EXERCISE AIM:
Each record is to be printed again exactly, though not its pictures.

EXTRACTED ENTRIES:
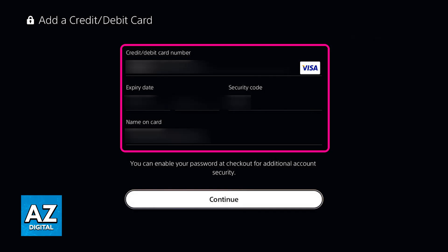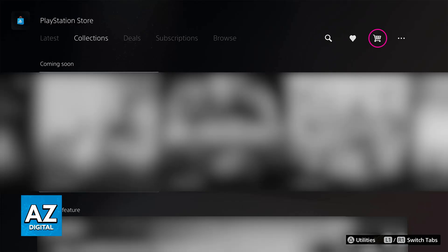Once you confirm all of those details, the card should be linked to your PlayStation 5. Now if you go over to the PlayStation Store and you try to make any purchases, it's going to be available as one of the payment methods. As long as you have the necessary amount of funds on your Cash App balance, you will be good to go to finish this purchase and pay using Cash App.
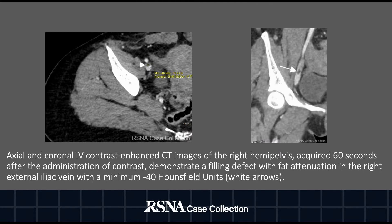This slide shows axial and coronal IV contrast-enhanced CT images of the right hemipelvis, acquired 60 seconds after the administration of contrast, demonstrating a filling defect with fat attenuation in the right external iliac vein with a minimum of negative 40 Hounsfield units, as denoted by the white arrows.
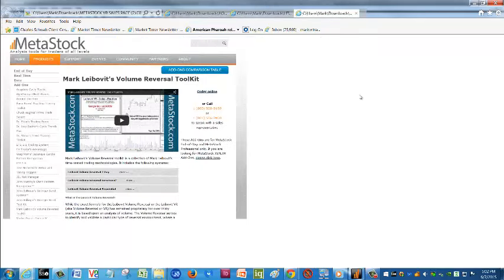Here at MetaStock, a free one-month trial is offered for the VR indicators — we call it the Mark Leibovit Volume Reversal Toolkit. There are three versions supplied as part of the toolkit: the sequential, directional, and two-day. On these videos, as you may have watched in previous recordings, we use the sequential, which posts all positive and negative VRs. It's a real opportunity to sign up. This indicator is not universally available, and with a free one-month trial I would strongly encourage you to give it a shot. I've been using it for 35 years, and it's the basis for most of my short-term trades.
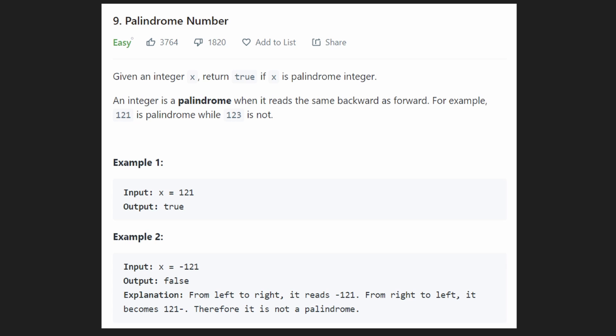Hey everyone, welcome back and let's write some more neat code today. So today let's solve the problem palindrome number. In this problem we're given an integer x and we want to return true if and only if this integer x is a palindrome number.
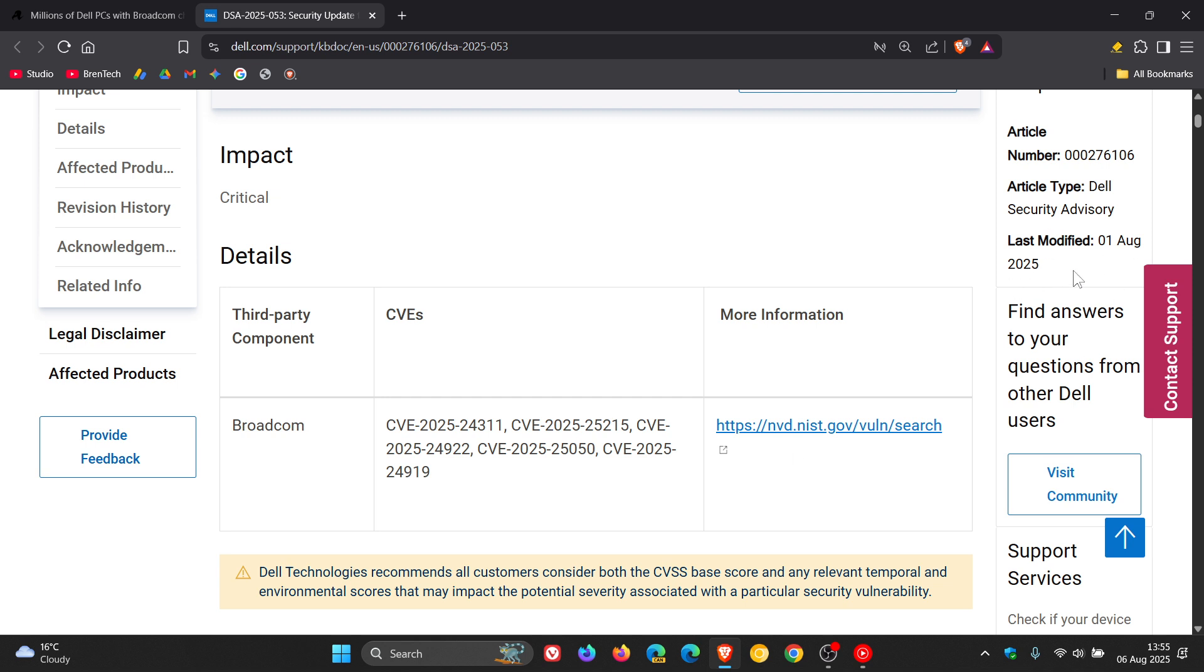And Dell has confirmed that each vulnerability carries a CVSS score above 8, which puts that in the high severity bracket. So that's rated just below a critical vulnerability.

SOLUTION:
Once you confirm all of those details, the card should be linked to your PlayStation 5. Now if you go over to the PlayStation Store and you try to make any purchases, it's going to be available as one of the payment methods. As long as you have the necessary amount of funds on your Cash App balance, you will be good to go to finish this purchase and pay using Cash App.
This slide shows axial and coronal IV contrast-enhanced CT images of the right hemipelvis, acquired 60 seconds after the administration of contrast, demonstrating a filling defect with fat attenuation in the right external iliac vein with a minimum of negative 40 Hounsfield units, as denoted by the white arrows.
Here at MetaStock, a free one-month trial is offered for the VR indicators — we call it the Mark Leibovit Volume Reversal Toolkit. There are three versions supplied as part of the toolkit: the sequential, directional, and two-day. On these videos, as you may have watched in previous recordings, we use the sequential, which posts all positive and negative VRs. It's a real opportunity to sign up. This indicator is not universally available, and with a free one-month trial I would strongly encourage you to give it a shot. I've been using it for 35 years, and it's the basis for most of my short-term trades.
Hey everyone, welcome back and let's write some more neat code today. So today let's solve the problem palindrome number. In this problem we're given an integer x and we want to return true if and only if this integer x is a palindrome number.
And Dell has confirmed that each vulnerability carries a CVSS score above 8, which puts that in the high severity bracket. So that's rated just below a critical vulnerability.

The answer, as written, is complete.